States like Texas, where Republicans hold big legislative majorities, have outperformed the rest of the pack by making it easier for businesses to relocate, operate and prosper in the state. The losers, like Democrat Party controlled California, are heaping onerous regulation, taxes and labor laws upon the backs of business, stifling economic growth.
USA Today ignored these facts because an honest analysis would have exposed the Democratic Party's propensity for tax, labor and regulatory policies that are crippling economic development, both regionally and on the national level. With a little digging, here's what the newspaper would have found:
Texas is one of 22 states with right-to-work laws, which prevent employees from being forced to join a union as a condition of employment. This not only safeguards employees' rights, but attracts businesses suffering under the iron fist of union rules. On the other hand, California is one of 28 states that have bowed to union pressure to outlaw right-to-work rules. As a result, the Bureau of Labor reports that 17.2 percent of California workers belong to unions, even higher than the national average of 12 percent. Only 5.1 percent of the Texas workforce is represented by a union. Studies have shown that right-to-work states enjoy higher job growth. That research helps explain why unemployment in Texas was 8.0 percent at the end of May according to the Labor Bureau, while the jobless rate was 11.7 percent in California, significantly above the 9.1 percent national average.
Texas is one of seven states with no personal income tax, leaving consumers with more discretionary income to spend on goods and services. A family of three with a household income of $50,000 in Los Angeles pays the government 10.6 percent of their income. Tack on sales taxes and the burden becomes even worse. California's state sales tax is 9.25 percent with some cities and counties piling on local sales taxes on top of that, making it the highest in the nation. Texas is among the lowest at 6.25 percent. High taxes raise the cost of living for families, leaving households with less money to spend with local businesses.
Texas has no corporate profits tax, although it collects franchise fees. In 2006, the Texas legislature overhauled the tax structure providing for $3 billion in tax relief for business, reducing their tax burden by 33 percent. In contrast, the California legislature has saddled businesses with a 8.84 percent tax on profits. Banks and financial institutions pay an even higher rate of 10.84 percent. In weighing corporate tax burdens, the nonpartisan Tax Foundation ranked Texas 13th for its business friendly system, while California was nearly dead last at 48. It is no wonder that California's share of the national economy shrank faster than all but three states from 2000 to 2010, according to Bureau of Economic Analysis figures. Meanwhile, Texas' historic growth spurt during that same period has hiked the state's share of the U.S. economy to 8.3 percent.

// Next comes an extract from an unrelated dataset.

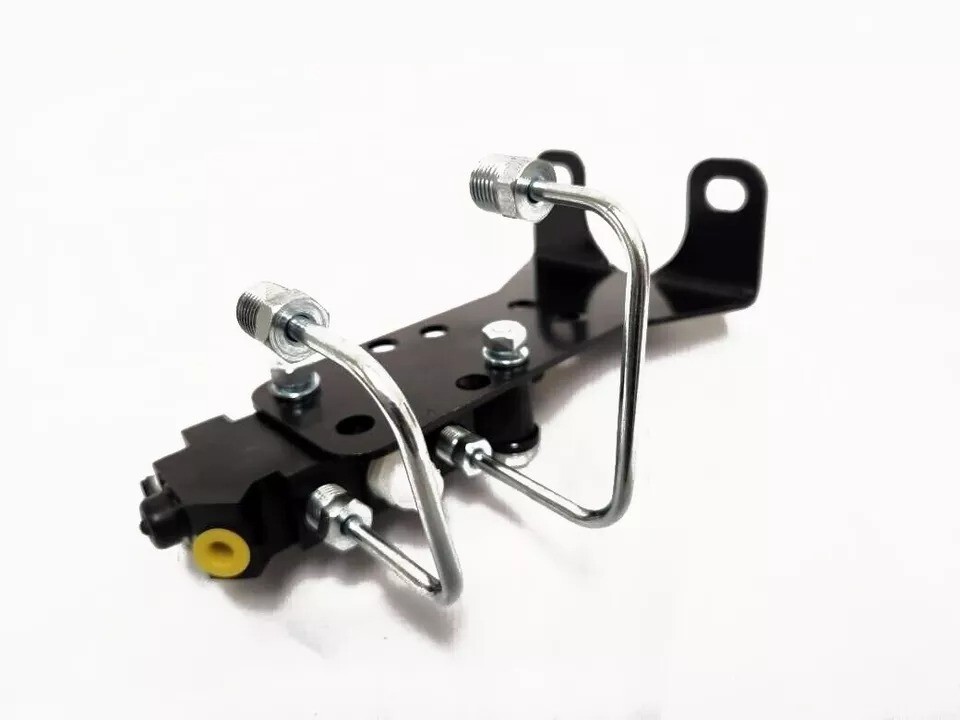 GM Disc/Disc Proportioning Valve for 1/2-20, 9/16-18 Outlet, Bottom Mount BLACK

Regulations on Texas businesses pale in comparison to California's bloated system of legal handcuffs. The governor's office in California released a study in 2009 that calculated the total cost of business regulation in the state at an astounding $492.994 billion. In addition, the analysis estimated that over regulation of business had robbed California of nearly 4 million jobs. Another California state-sponsored study this year, dubbed the "Commission on the 21st Century Economy," determined that the cost of doing business in California was almost 23 percent higher (on average) than other states.
Clearly, by any objective measurement California is overtaxed, overregulated, over unionized and overrated as a place to do business. The state will continue to shed jobs and spiral deeper into economic decline as a result of Democrats' tax and spend policies that have driven California to the brink of bankruptcy.
Don't expect any sympathy from Texas, which has targeted California businesses as part of its economic development program. With an economic output valued at more than $1 trillion annually and expanding, Texas has set its sights on wrestling away the No. 1 ranking from California.
When that happens, as it surely will, perhaps Californians will finally tire of the Democratic Party's anti-business policies in the once Golden State.